The cargo to be provided by the charterer will normally be expressly agreed in the charterparty. It may take the form of a specific cargo, e.g. 10,000 tonnes of wheat, or it may consist of a series of alternative cargoes, e.g. wheat and/or barley and/or rye, from which the charterer may select one or more. Occasionally it may appear in the more general form of ‘any lawful cargo’. The charterer is under an obligation to provide a cargo of the type or types specified and any attempt on his part to load a different cargo amounts to a serious breach of contract entitling the shipowner to repudiate the charterparty.
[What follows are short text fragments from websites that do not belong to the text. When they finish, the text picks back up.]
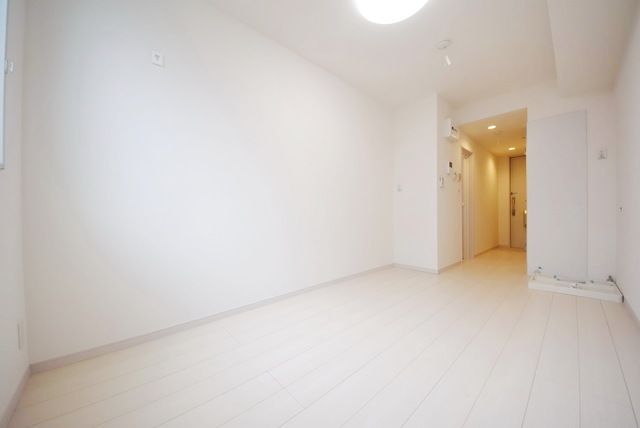 居室・リビング　明るいお部屋です
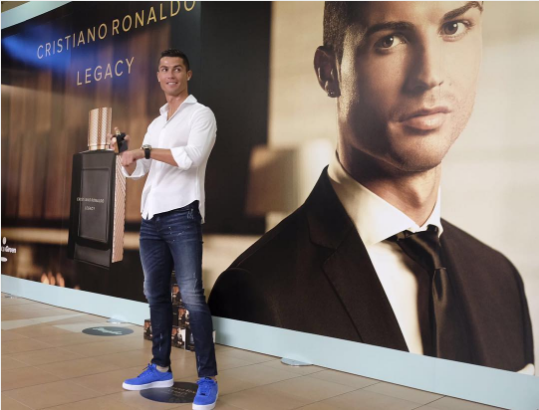 CR7 sở hữu nhóm sản phẩm thuộc Cristiano Ronaldo Legacy (tạm dịch: Di sản của Ronaldo).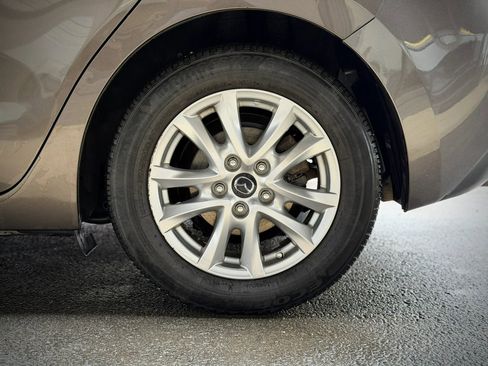Used 2016 MAZDA MAZDA3 i Grand Touring FWD image 25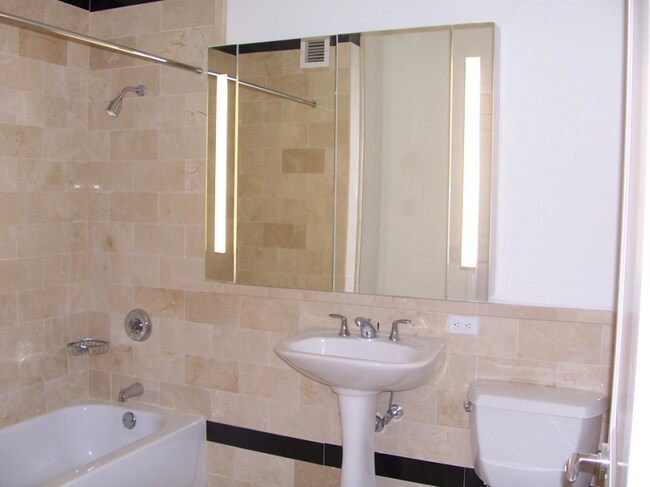 Building Photo - 2 bedroom in New York NY 10280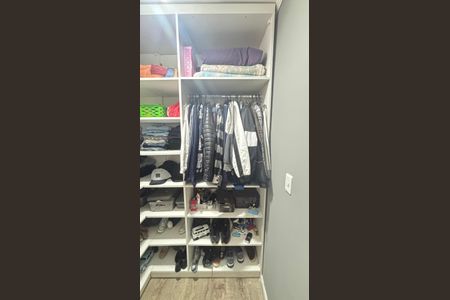 Casa à venda com 266m², 3 quartos e 3 vagasQuarto 1 Closet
Should the shipowner waive this breach by accepting the substituted cargo, then an obligation will be implied that the charterer will pay the current rate of freight for cargo of that description. Where the charterparty specifies a range of alternative cargoes, the charterer will normally have a free choice between them, even though the respective freight rates may vary. On the other hand, he is under an obligation to load a full cargo from the range open to his selection and, if some of the cargoes later prove not to be available, he must load an alternative from such a range. The fact that he intends to load one particular cargo does not amount to a decisive election and he cannot plead frustration because the intended cargo is not available. Even though failure to load that particular cargo is covered by an exception, he is not relieved from his obligation to load an alternative cargo. In the words of Viscount Radcliffe, ‘If a shipper has undertaken to ship a full and complete cargo made up of alternative commodities as in the terms “wheat and/or maize and/or rye”, his obligation is to have ready at the port of shipment a complete cargo within the range of those alternatives. Consequently the fact that he is prevented from loading one of the possible types of cargo by a cause within the exceptions clause, even though that is the type that he has himself selected and provided for, is not an answer to a claim for demurrage.’ This right of selection of the charterer, with its correlative duty, continues ‘until the final ton is put on the ship’. On the
other hand, where the charterer is prevented from loading his original choice of cargo, he is entitled to a reasonable time in which to make alternative arrangements. Occasionally a charterer is given a true election between a range of cargoes, but it would appear to be a rare occurrence. So in Reardon Smith Line v Ministry of Agriculture the vessel was chartered to receive ‘a full and complete cargo . . . of wheat in bulk’, the charterer having an option to substitute barley for wheat, in respect of one-third of the cargo, on payment
of additional freight. When a strike of elevator men prevented the loading of any wheat, the House of Lords held that the charterer could rely on the strike clause in the charter and was not obliged to load an alternative cargo of barley. On the wording of the charterparty, the
charterer had a ‘true option’ between the two cargoes and, in the event of one cargo not being available, he was not obliged to load the other.